*** Excerpted records Section Begins ***
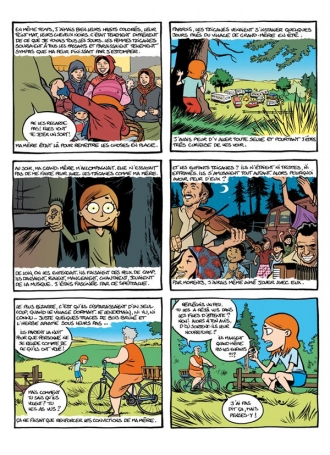 extrait bande-dessinee Pas de liberté sans solidarité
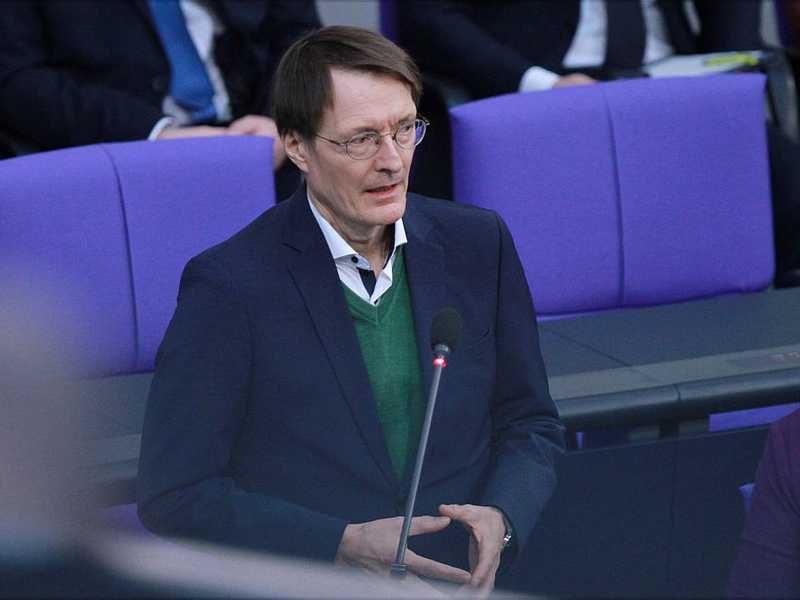 Karl Lauterbach (Archiv) - Foto: über dts Nachrichtenagentur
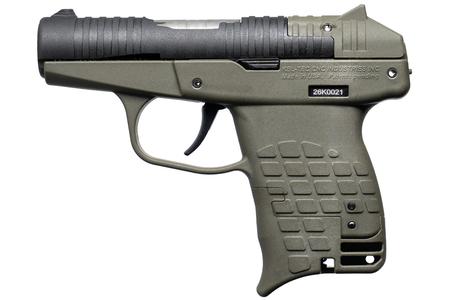 KELTEC PR-3AT 380ACP 13RD GREEN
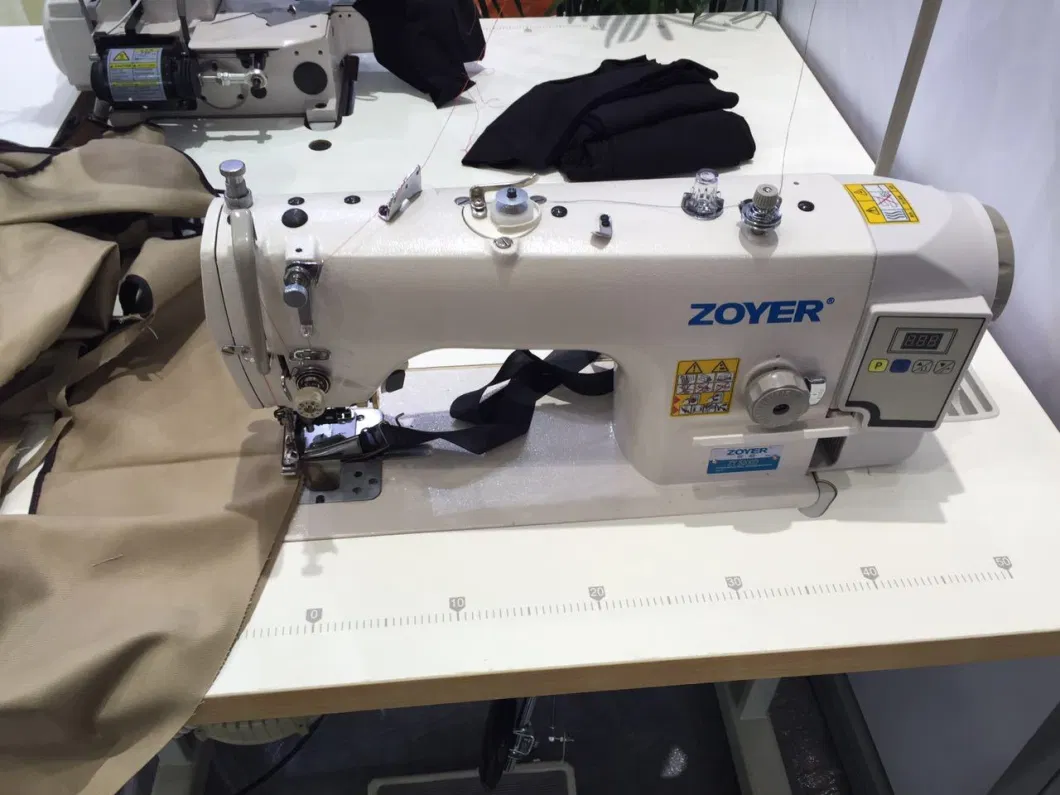 Zy5200 Zoyer High Speed Lockstitch Industrial Sewing Machine
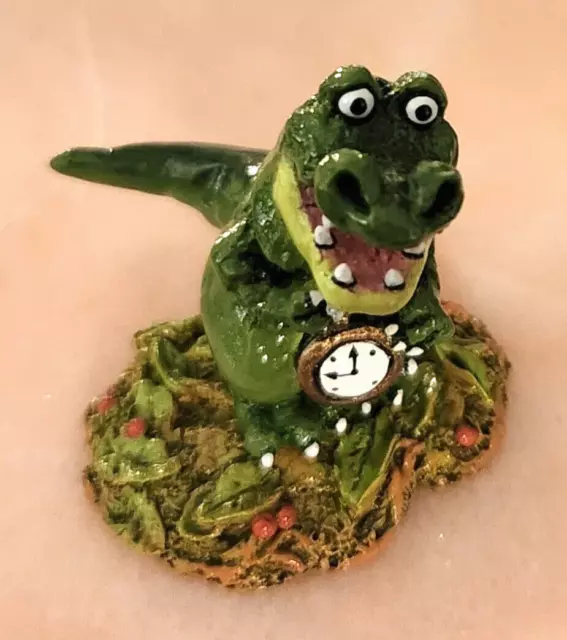 Wee Forest Folk Tic Toc PW-18 Fairy Tales’ 2018 Neverland Adventures Store Event Wee Forest Folk Tic Toc PW-18 Fairy Tales’ 2018 Neverland Adventures Store Event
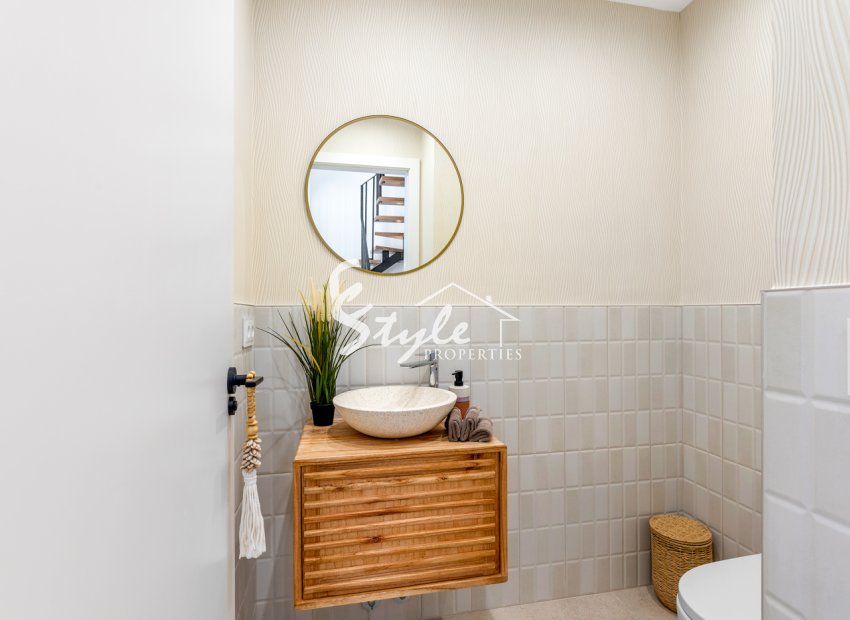 Новостройки - Таунхаус - Alicante - Долорес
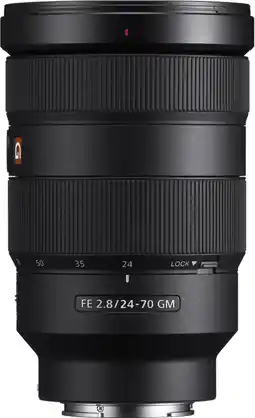 Coolblue Sony FE 24-70mm f/2.8 GM aanbieding
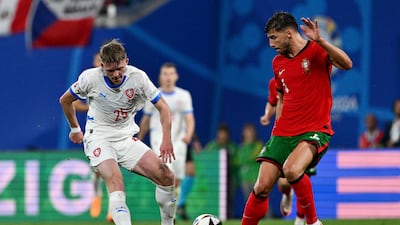 Quietly efficient as always. Produced a brilliant defensive header to snuff out danger from a superb Coufal cross. Good cross for a Ronaldo header. Vital last-ditch block in the box late in the game. AFP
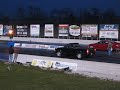 Mid 11sec GMC Syclone vs. Pontiac GTO LS2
*** Excerpted records Section Ends ***
Exercise details: Skip the pictures and retype exactly the lines from the one that contains "Coolblue Sony FE 24-70mm f/2.8 GM aanbieding" to the last line of the records.

Response to this task:
 Coolblue Sony FE 24-70mm f/2.8 GM aanbieding
 Quietly efficient as always. Produced a brilliant defensive header to snuff out danger from a superb Coufal cross. Good cross for a Ronaldo header. Vital last-ditch block in the box late in the game. AFP
 Mid 11sec GMC Syclone vs. Pontiac GTO LS2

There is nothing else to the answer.